This fascinates me.  The way styles (I’m skipping the whole “period style” thing for now, because I don’t understand it.) work is that once we say things like “how universally this period style is well-executed,” and “a clear majority exhibited a pleasing-enough competence which, while never jarringly or demonstrably idiosyncratic,” about it, then it’s all over and headed for the library shelves.  And this: “A second group of younger/youngish authors has learned to dial back the period style just enough, and compound it with their own unique contributions just enough, for all those generative period-features and occasional eccentricities of concept and structure to be appreciated rather than merely noted” points our possible way to something new. 

So are we done with this style?  Is it all over?  It seems to me, in philosophy, the postmodern period and its attendant interest in relativism that has given these poets much of their energy is no longer generating much enthusiasm.  So what is?  Indeed. 

The new thing.  It’s on its way. 

Friday, July 20, 2012

Stay gold, Ponyboy.

Stay gold.

In the past I would have had a lot to say about this kerfuffle.  But these days I'm feeling less inclined.

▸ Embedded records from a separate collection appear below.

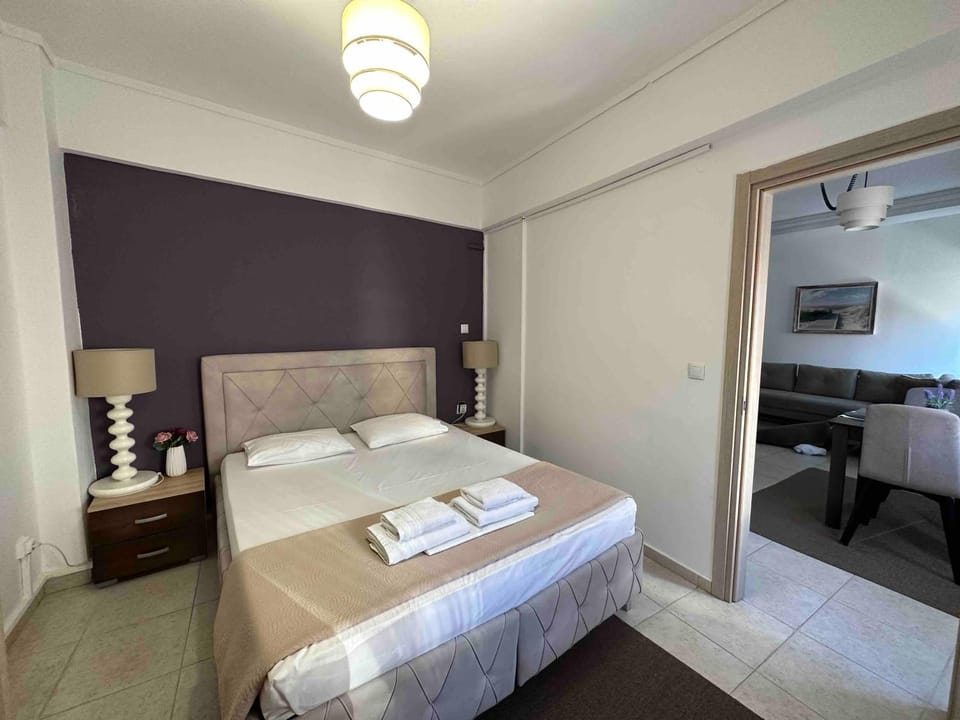 Bed, Photo of the whole room, Bedroom, towels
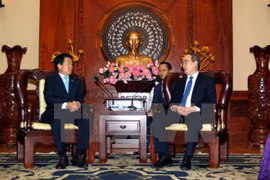 胡志明市市委书记阮善仁与韩国仁川市人民大会主席Jegal Won Young。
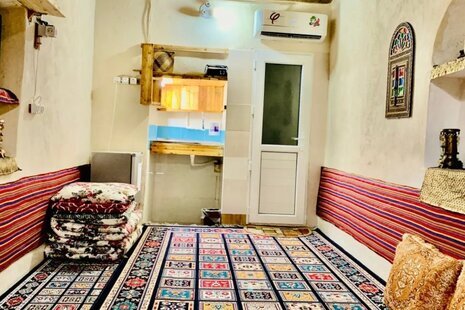 اتاق ناخدا یوسف در اقامتگاه بومگردی کنگان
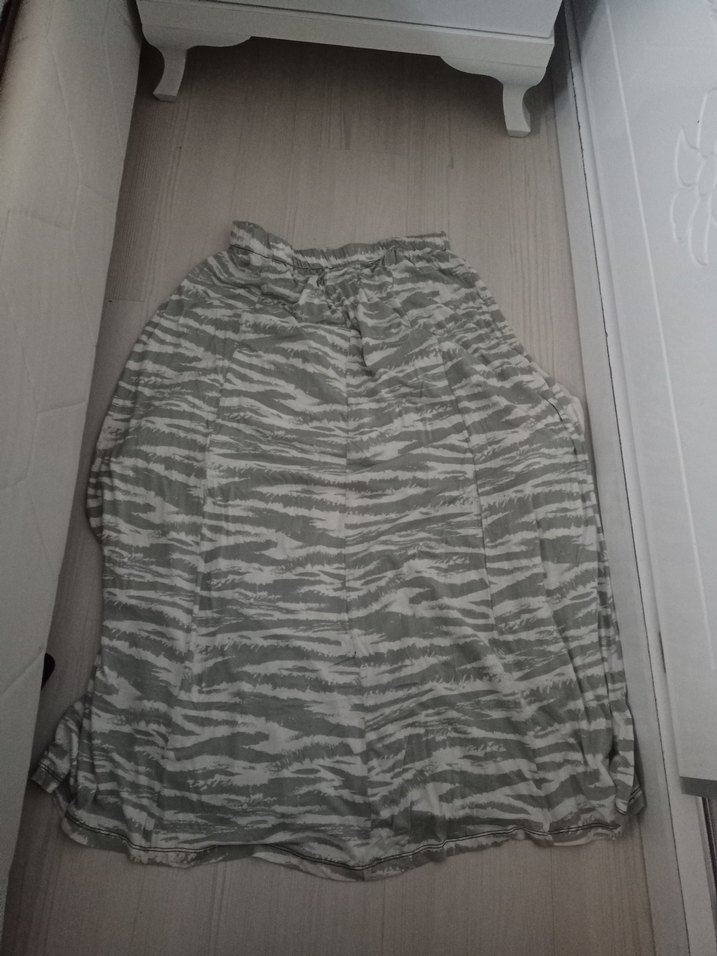 Gri Zebra Desenli - Görsel 2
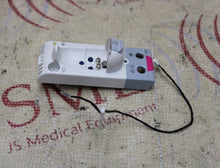 Cargar imagen en el visor de la galería, Mindray ePM CO2 Sidestream Module Front Bezel Face Panel (corner chipped)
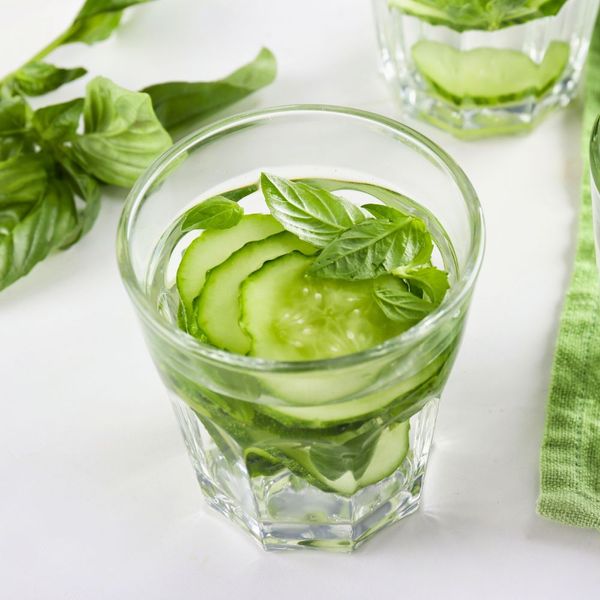 El pepino, fresco y ligero, es un ingrediente ideal para hidratar y refrescar el cuerpo en los meses cálidos. Sin embargo, en exceso puede ser demasiado frío para la digestión. Por eso, en esta receta se combina con albahaca, una hierba aromática y digestiva que equilibra el efecto del pepino, aportando un toque herbal que activa suavemente el fuego digestivo. El azúcar mascabado aporta dulzor natural y mineralidad, mientras que el limón realza con su acidez brillante y ayuda a mantener la ligereza. El resultado es una bebida equilibrada, simple pero elegante, que hidrata y al mismo tiempo apoya la digestión. Es ideal en primavera y verano cuando el cuerpo busca frescura, ligereza y un alivio natural frente al calor.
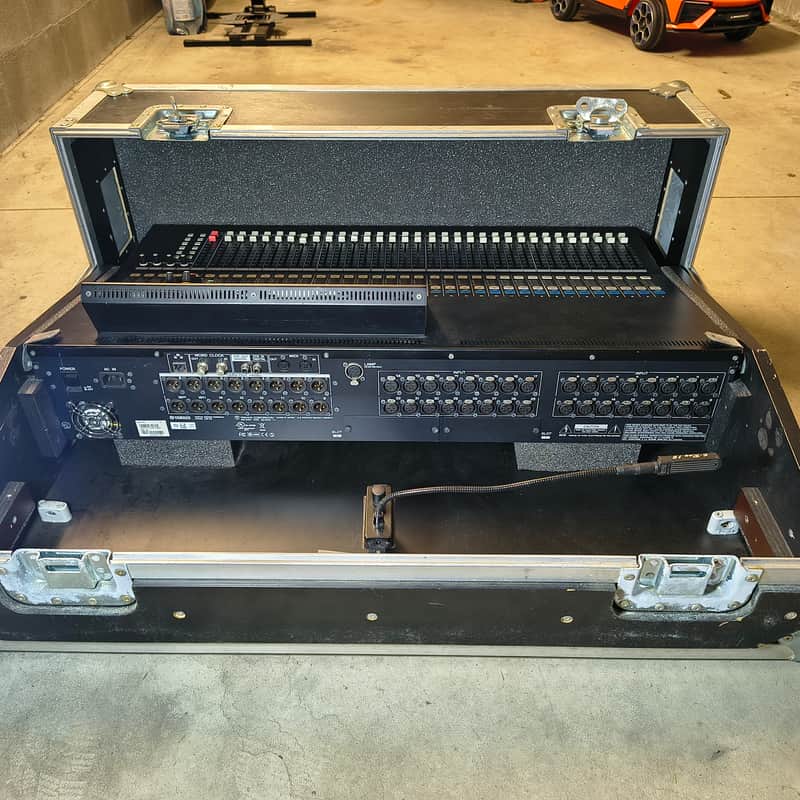 Yamaha Mixer Digitale Yamaha LS9-32 con Flight Case 2011 image 1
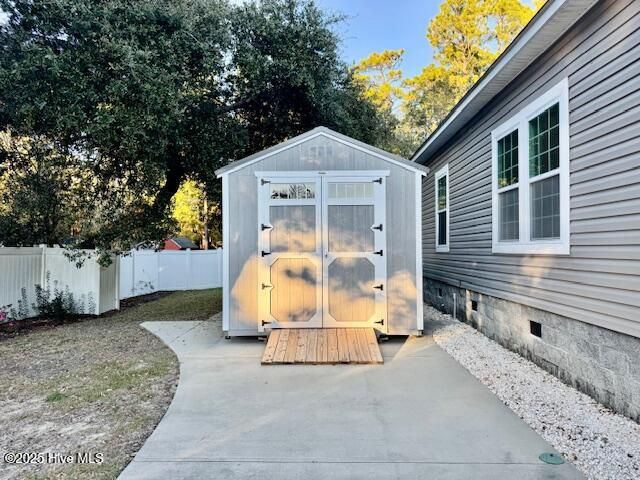 610 Fodale Avenue, Southport, NC 28461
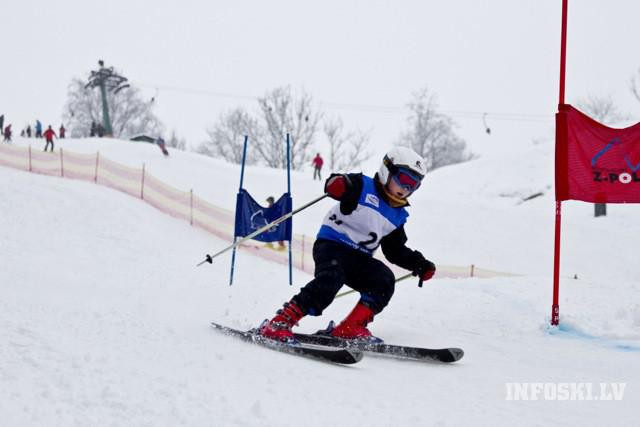 Jaunie kalnu slēpotāji uzsākuši Vilciņa kausu 2015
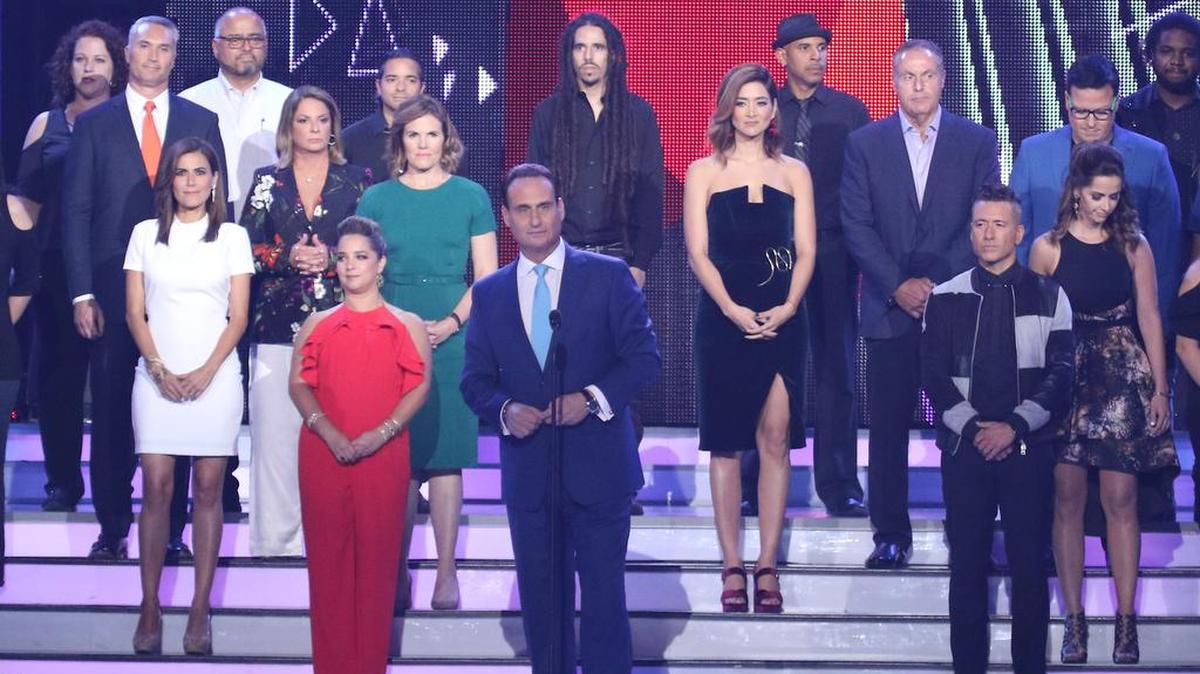 El presentador de Telemundo José Díaz-Balart y el equipo de noticias envían un mensaje contra el odio y la discriminación durante los Premios Tu Mundo, en Miami, el 24 de agosto del 2017.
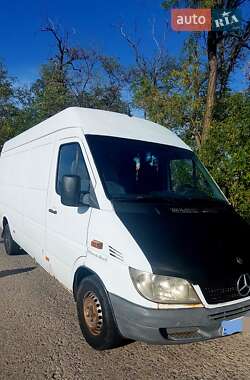 Mercedes-Benz Sprinter  2005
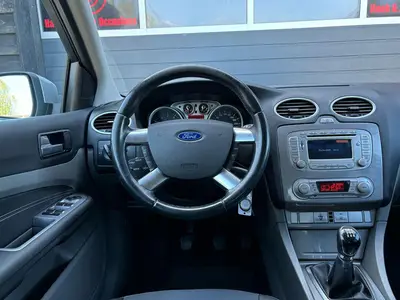 Ford FOCUS Wagon - Thumbnail 15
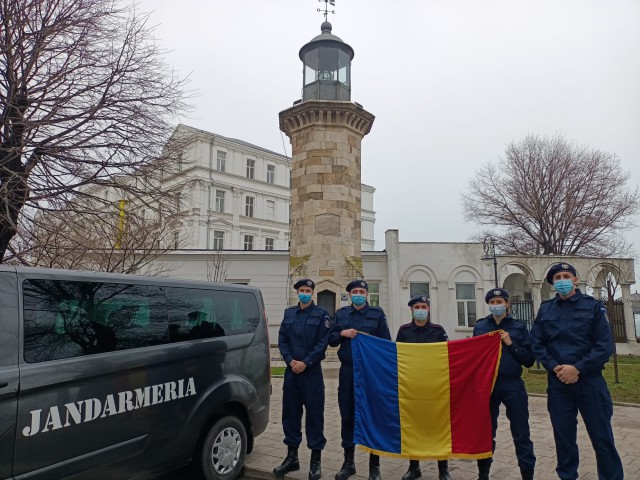 Elevi constănţeni din cadrul Şcolii Militare de Subofiţeri Jandarmi „Petru Rareş” Fălticeni, în practică la Constanţa
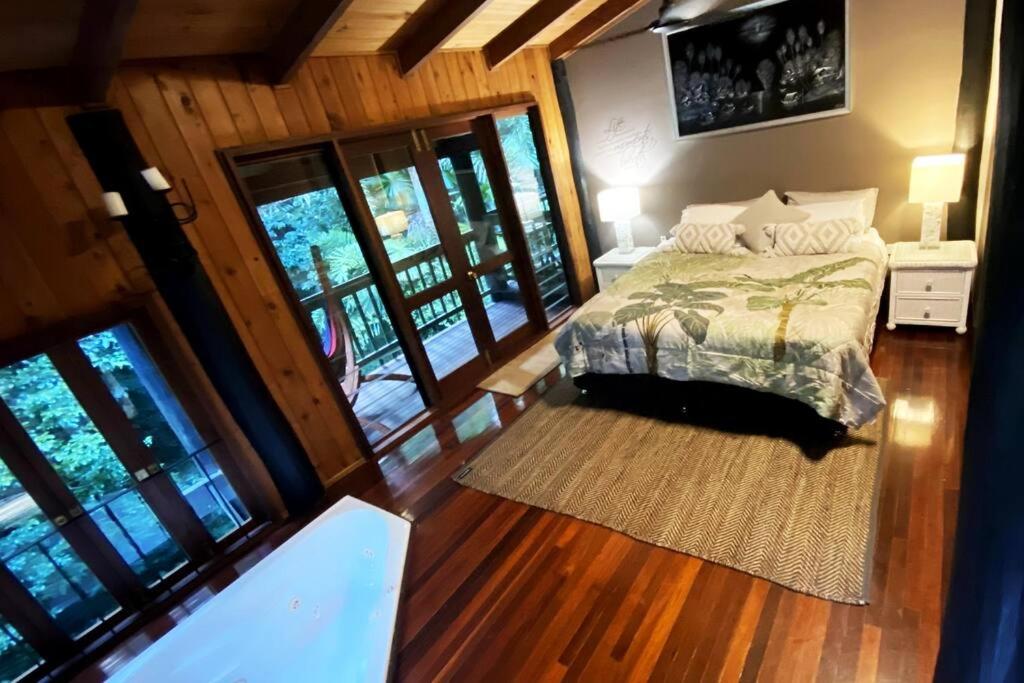 BUTTERFLY BEND - 3 Bedroom Daintree Beach House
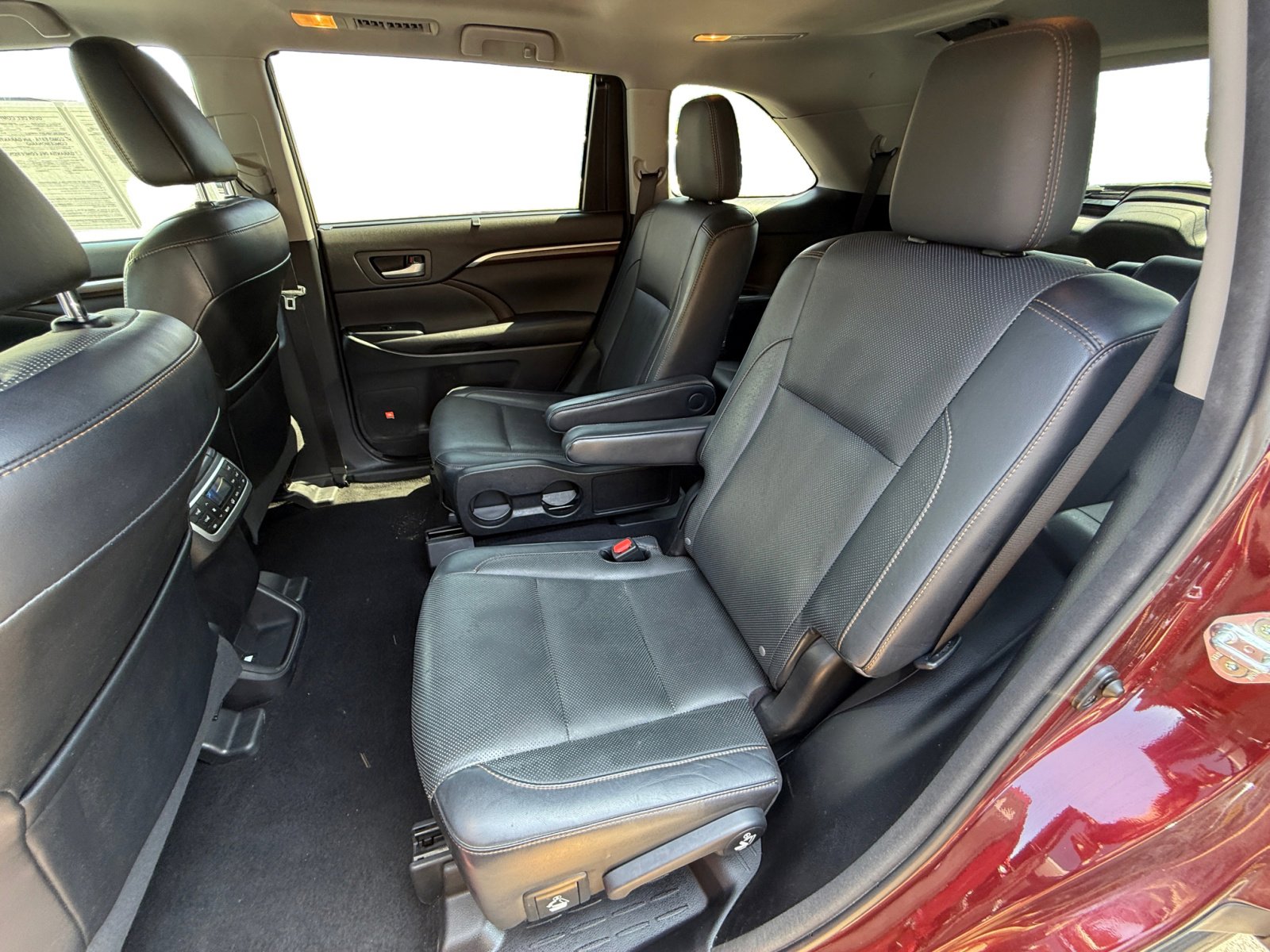 Used 2016 Toyota Highlander Limited image 16
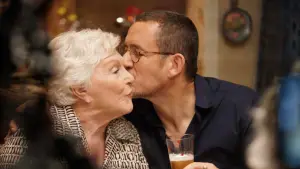 Задник к фильму "От семьи не убежишь" #415147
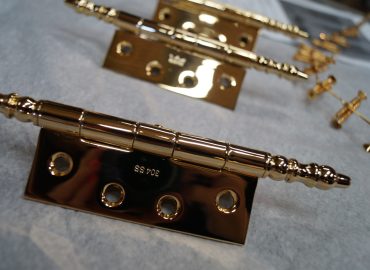 Pavonis polished and gold plated hinges
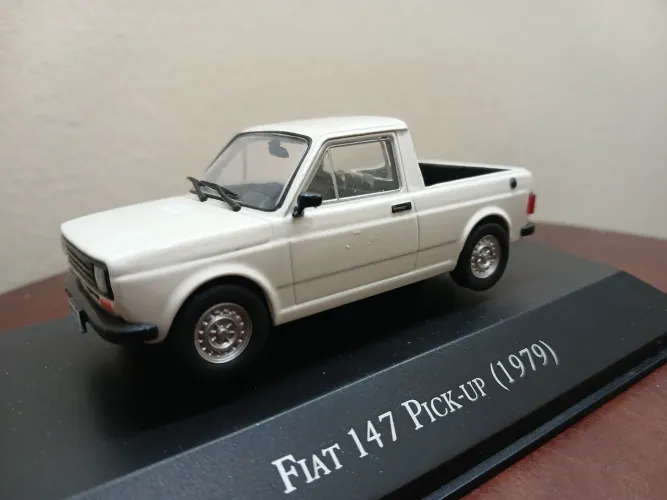MINIATURA FIAT 147 PICK UP - INESQUECÍVEIS DO BRASIL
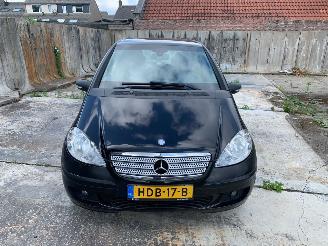 Damaged car Mercedes A-klasse a 150 2007/2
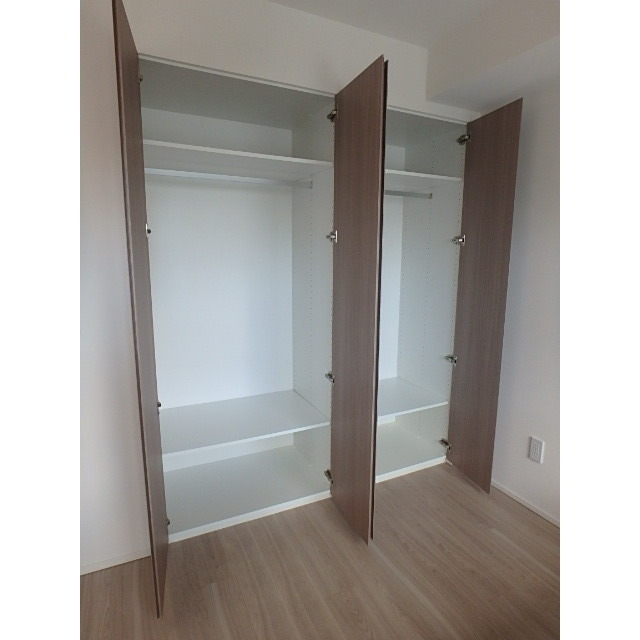 Brillia 宮前平　Hillside 内観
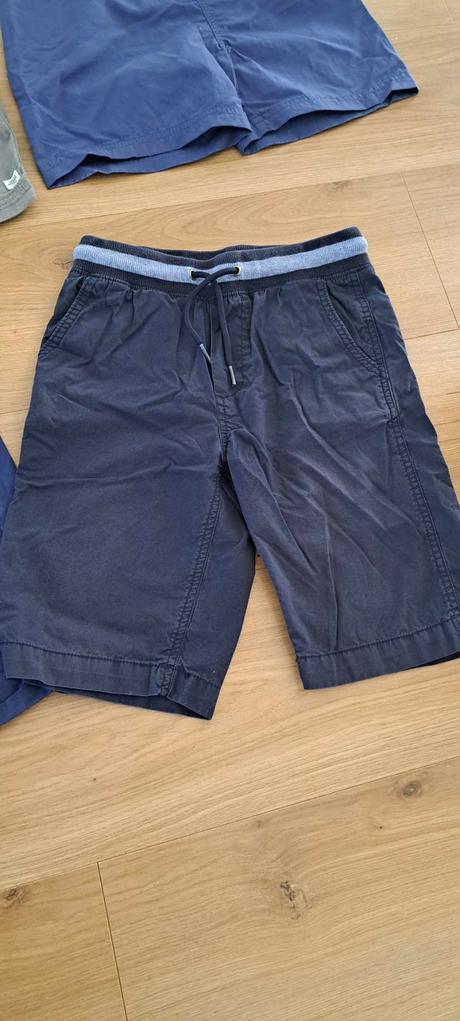 Chlapčenské kraťasy, 134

Maybe it's me.   

Marjorie Perloff’s Poetry on the Brink: Reinventing the Lyric:


The Gray Area: An Open Letter to Marjorie Perloff by Matvei Yankelevich:


A Response to Matvei Yankelevich by Marjorie Perloff:


One of the things I find interesting about this is how, in Perloff’s response to Yankelevich, she doesn’t distinguish between “conservative” as it applies aesthetics, and “conservative” as it applies to politics.  I wonder about this, because for years now I’ve heard poets refer to poets as “conservative,” who weren’t at all conservative in their politics. 

Someone’s missing something here.  Maybe it’s me.  (And this is the second time I've said that. Maybe it IS me.  I must be losing my edge.)

Going off of Perloff’s response to Yankelevich, there was an interesting exchange she had with Seth Abramson on facebook, but since I don’t know what the ethics are of quoting from facebook, I’ll paraphrase.  Perloff summarized some of her points against contemporary American poetry (a segment of American poetry, surely, but exactly which segment, I’m not absolutely sure [any help on this would be appreciated]).  Part of her complaint boils down to this, paraphrasing: “Regarding the issue of sound structure and lineation, no, I don't think students do have much instruction on this [in MFA programs], at least not judging by the results—why, for starters, no metrics of any sort?  Rhythm?  Why the endless filler, those words that could be crossed out so readily without changing meaning?. . . what makes the ‘free verse’ (i.e. ‘lineated’) writing I was criticizing in my essay poetry?  In fact, with all the arguments against my essay, I have yet to see a reasonable argument that would explain to outsiders why these pieces are poems—what are the minimum sound requirements to make something a poem?”

So, whether one reads the essays from the links or not, there is a question here, one that would be worth talking about. 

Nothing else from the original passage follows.